I know that math is something many people hate and the numbers we are talking about are huge, but when we divided them by the population and look at the savings over time, this approach to transforming society may be the best way to head off total collapse at the hands of the greedy super-rich. The costs of these policies, if spread evenly among the population, would be about 56K per person. The benefits would be more than double the costs. The only reason that the uberwealthy do not want this to happen is that it would temporarily inconvenience them and it would liberate such a large segment of society that they would lose some of their wage slaves.
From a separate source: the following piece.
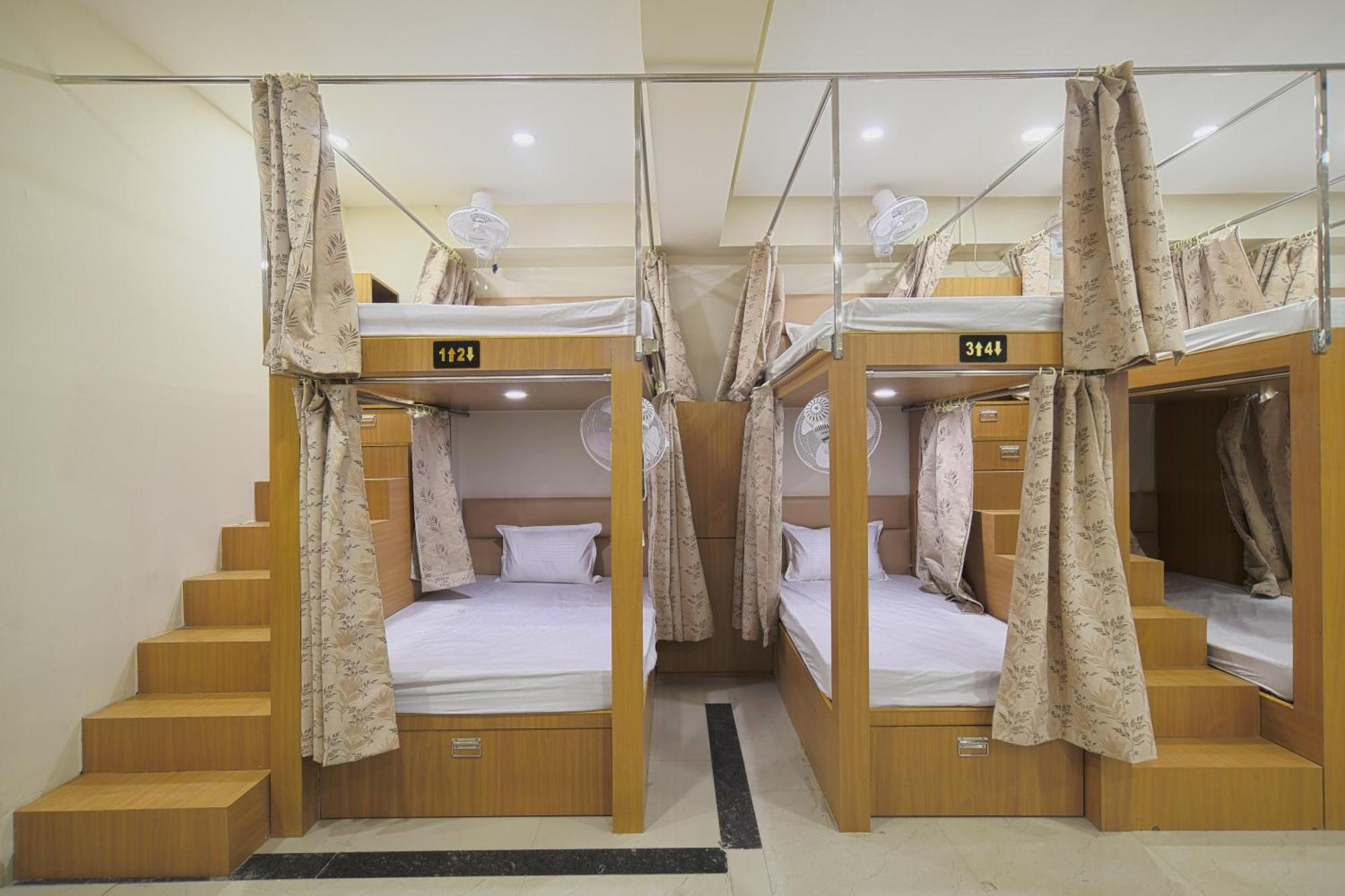 Hotel Shivlok Удджайн Экстерьер фото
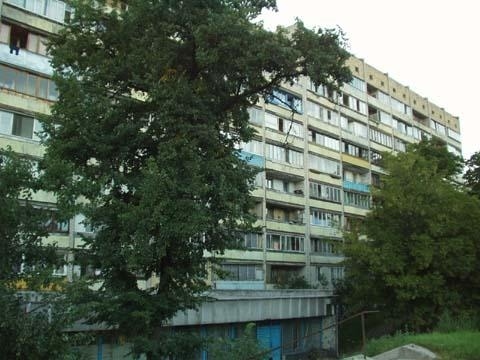 Київ, Котельникова вул., 87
Perhaps the greatest benefit would be non-monetary because the millions of Americans who are now wage slaves would have some breathing room instead of having to forego vacations, borrow to put their children through school and risk bankruptcy if their health fails. all of these benefits would cut into the obscene profitability of banks, insurance and financial sectors.

these are not the folks i am running for congress to represent. I am running for people like myself who have borne the brunt of the recession, been functionally underemployed for the better part of a decade and those who will come up in the future. We need stability and we need it now. Not stability for the ultra-wealthy, but for the average person, the 99.9%. I am committed to these changes in a way that our "opponents"/oppressors, cannot fathom. I am a stand against institutionalized racism, sexism, classism, ageism, bigotry and hatred. to become a strong nation again we need to call out these and other crippling social ills at every opportunity. not jus tto make people aware of the damage being done to individuals and families by continuing the current system, but to work toward a better state of affairs for all.
What I am working for is not just to benefit the people here in northeast Wisconsin, but the nation as a whole. The future generations will ask us, "When we faced those issues, what did you do to help?" I refuse to have to say, "Nothing."